Deneyim ve Bilginin Farkı Üzerine
- Mert Ali Aytaç
- 16 Eyl
- 2 dakikada okunur
Bildiğiniz üzere bilgiyi yazılı, sözlü, dijital birçok araç aracılığıyla elde edebiliyoruz ancak deneyim böyle değildir. Deneyimler okunarak anlanabilirler ancak okunarak yaşanılamaz ve insandaki tesiri yaşadıkları kadar olmaz. Bu sebepten deneyimlerin psikolojik ve ontolojik tarafı insanın zihninde bilgiye kıyasla çok daha farklı bir yerdedir ve unutulması bilgiden daha zordur.

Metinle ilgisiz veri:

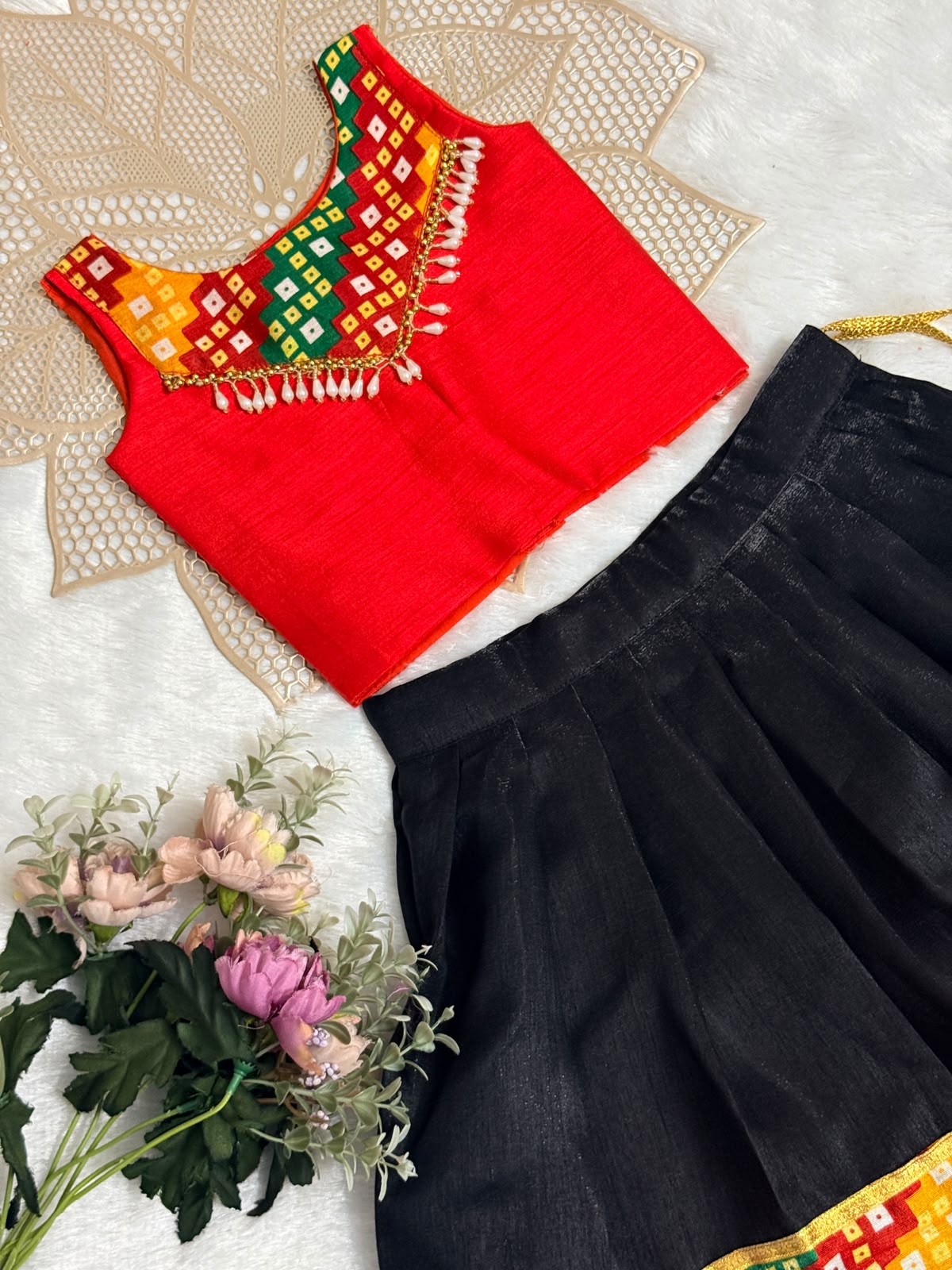 NAVRATHRI2026 -NV007-BLACK RED  DESIGNER SKIRT SET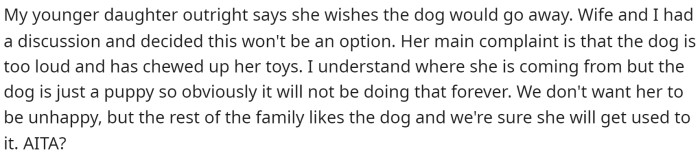 He wants to just wait and says that she'll get used to it, but let's see what people had to say.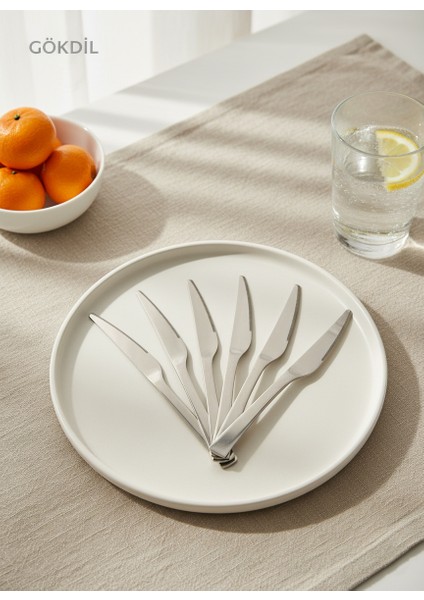 Tuana 6 Adet Sade Çelik Yemek Bıçağı Takımı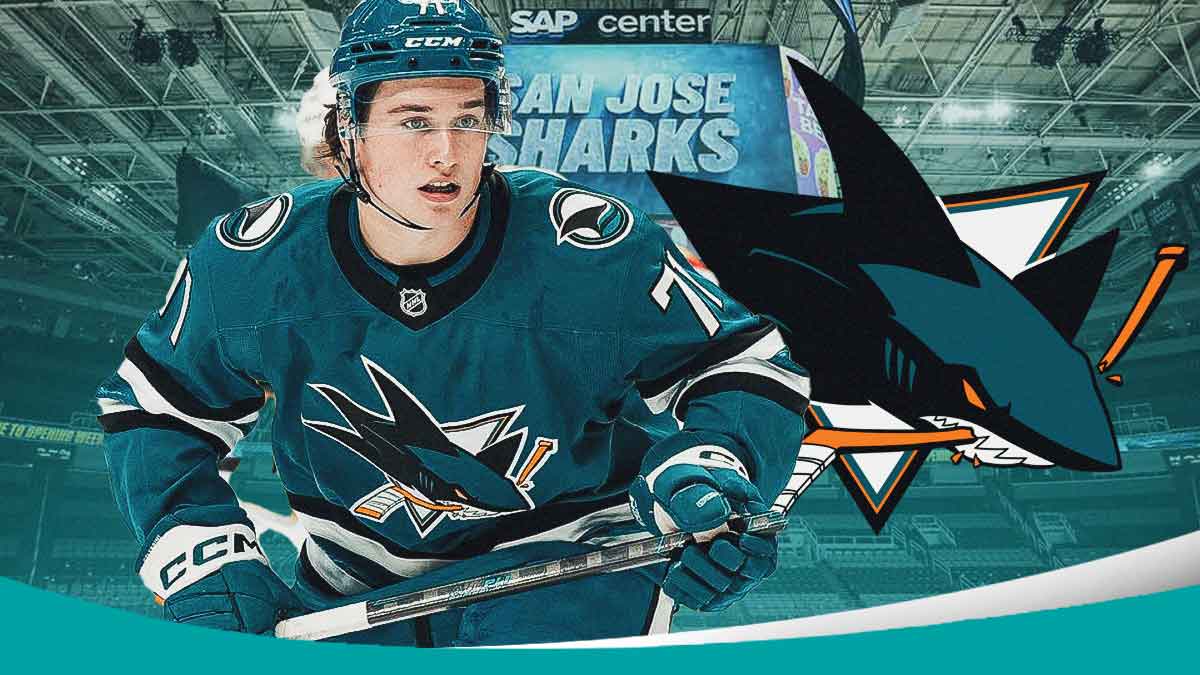 Sharks star Macklin Celebrini reacting to a goal against the Golden Knights.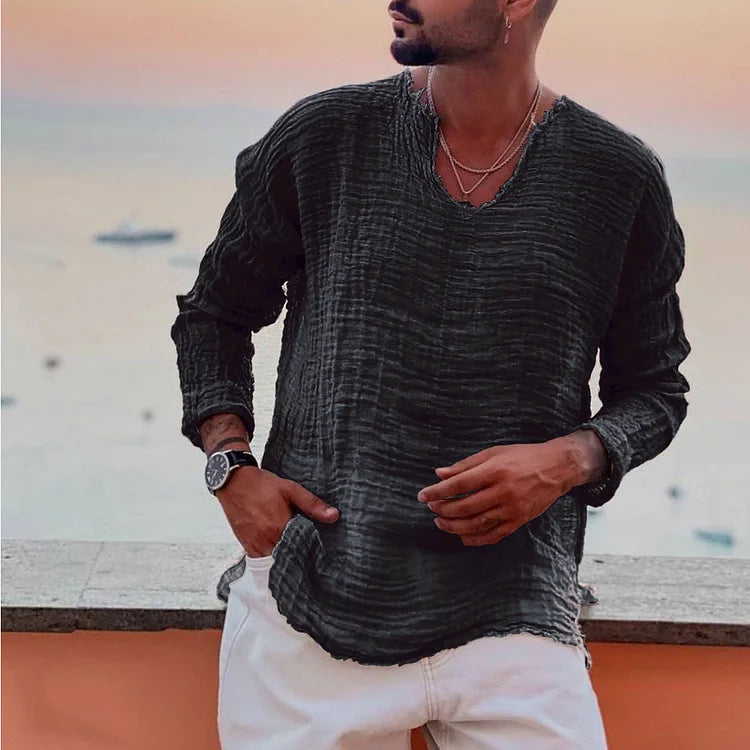 Men's V-Neck Long Sleeve T-Shirt Comfortable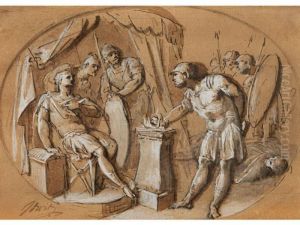 Die Feuerprobe Des Gaius Mucius Scaevola Vor Dem Etruskerkonig Porsenna by Jacob de Wit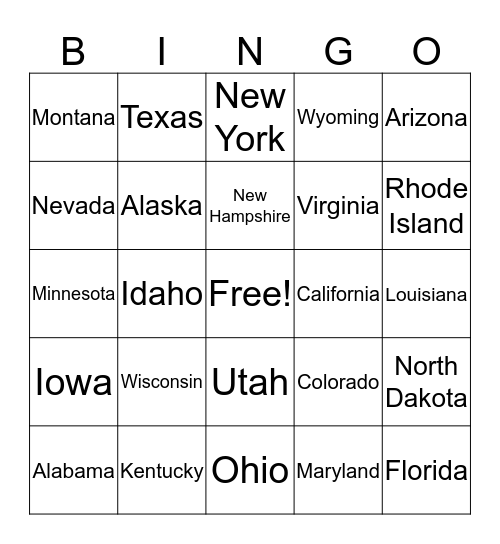 Snow Day Bingo Card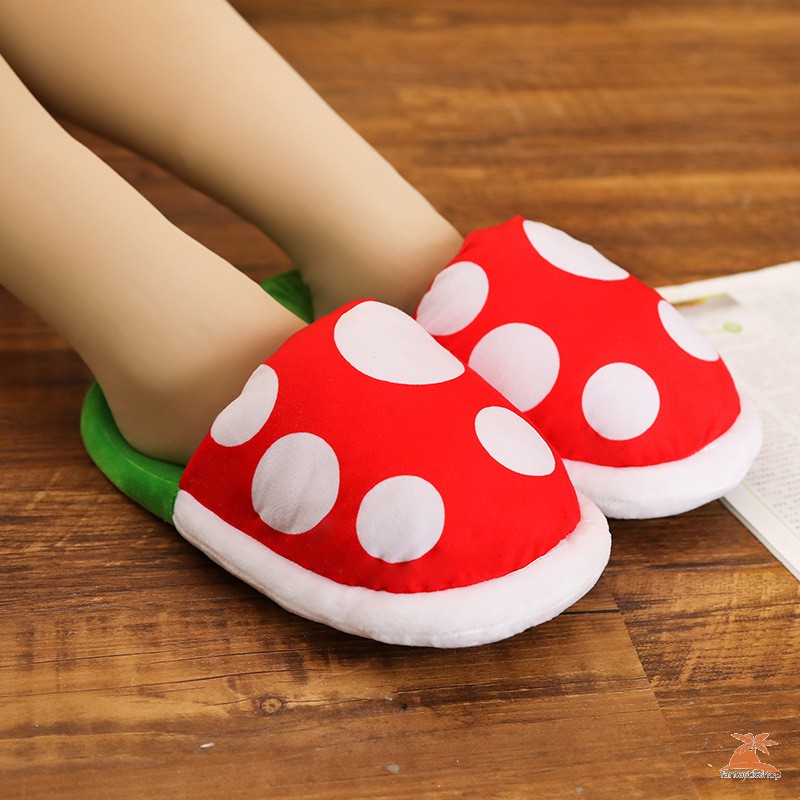 #dep Lê# Cannibal Flower Shape  Slippers Soft Warm Plush Slippers with Pot Holder for Adults Teens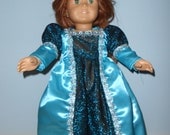 Princess Renaissance dress for 18 Inch American Girl Doll, Aqua Teal  with Silver tiara/crown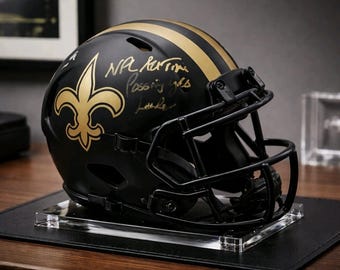 Drew Brees Signed Saints Eclipse Mini Helmet: NFL All Time Passing Leader (Beckett Authenticated)
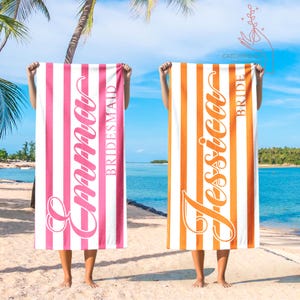 Personalized Bride Beach Towels, Bachelorette Towel, Wedding Gift For Bridemaid, Mrs. Beach Towel Gift, Vacation Gift, Bridal Shower Gifts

Peki bu denemenin amacı nedir? Aslında bu denemenin amacı insanlara kendimin deneyim hakkındaki deneyimlerini ve müşahedelerini aktarmak. Ben kendim şunu müşahede ettim ki bir konuyu ne kadar okursak okuyalım o konuyu yaşamadığımız ve özellikle bu konu toplumsal bir konuysa o konuyu deneyimlemediğimiz veya o konuyu hakkında yeterince düşünmediğimiz sürece okuma hakkındaki söylevlerimiz sadece birer kıylükalden ibarettir. Peki kıylükal nedir? Kıylükal aslında en basit tabiriyle o onu dedi bu bunu dedi dediğimiz aktarımcılıktır ve insan özgün fikirlerini ancak deneyimleri sonucunda üretir. Bu sebeple bütün bilim insanları ve bütün filozoflar fikirlerini genellikle yaşlılık zamanlarında üretirler çünkü özgünlük ve deneyimler birbirleriyle doğru orantılıdır. Doğru orantılı olan bu iki mefhum benim hayatımı da çok derinden etkiledi ve ben de deneyim hakkındaki deneyimlerini bir deneme aracılığıyla insanlara aktarmak istedim.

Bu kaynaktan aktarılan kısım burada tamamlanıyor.